Even if you think you don’t know who Shawn Wasabi is, you’ve probably at the very least seen his hands. Weird statement, I know, but Shawn’s viral 2015 hit Marble Soda was a mid-decade YouTube smash — millions of viewers were transfixed by Shawn’s ability to mash-up over 130 of his favorite sounds into a single performance on an at-the-time never-before-seen 64-button midi-controller. That midi, DJ Tech Tools’ Midi Fighter 64, was actually co-invented by Shawn, who felt limited by the 16-button version on the market and was made custom for him before its eventual commercial release.

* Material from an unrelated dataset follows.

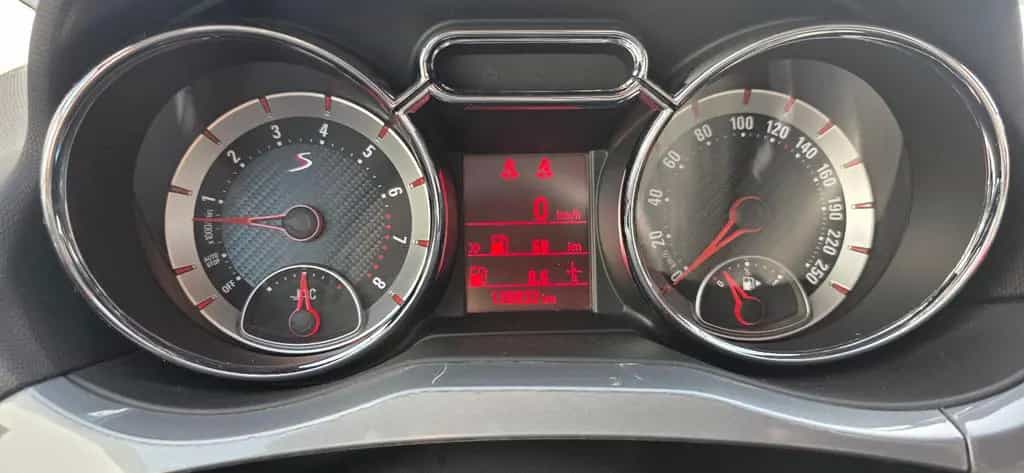 Opel Adam S, 1. Hand, Top gepflegt 08/2016-photo-35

The Midi Fighter 64 would get the spotlight in several more singles from Wasabi, the dancing LED lights acting as the perfect visual accompaniment to his hyper-energetic chip-tune influenced compositions. But in 2017, the artist himself began to step into the frame as his music became more structured. That was the year he dropped Otter Pop, his first composition with vocals, by way of guest singer Hollis. The video is a departure from Wasabi’s previous work — starting with a full framed shot of the musician sitting cross-legged on the floor before focusing in on his fingers dancing along the Midi Fighter.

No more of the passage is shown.